Problem details: Without the pictures, repeat all of the data exactly as it appears below.

Data below:

--------------------

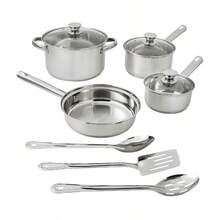 10-Piece Stainless Steel Cookware Set - asPic - View 2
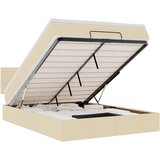  Otomanski krevet s madracem i LED krem 140x190 cm tkanine | shoptok.hr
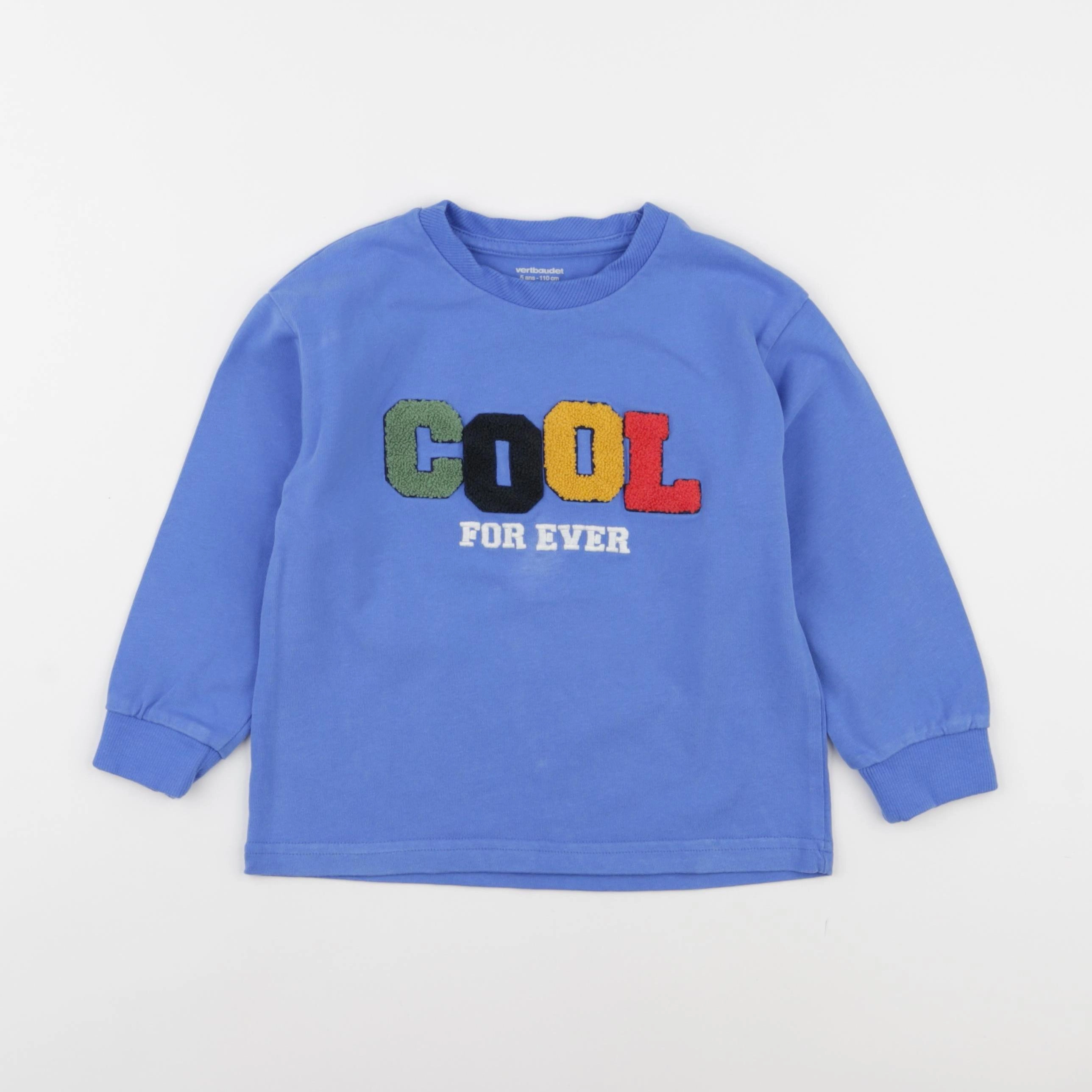 Vertbaudet - sweat bleu - 5 ans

--------------------

Written answer:
 10-Piece Stainless Steel Cookware Set - asPic - View 2
  Otomanski krevet s madracem i LED krem 140x190 cm tkanine | shoptok.hr
 Vertbaudet - sweat bleu - 5 ans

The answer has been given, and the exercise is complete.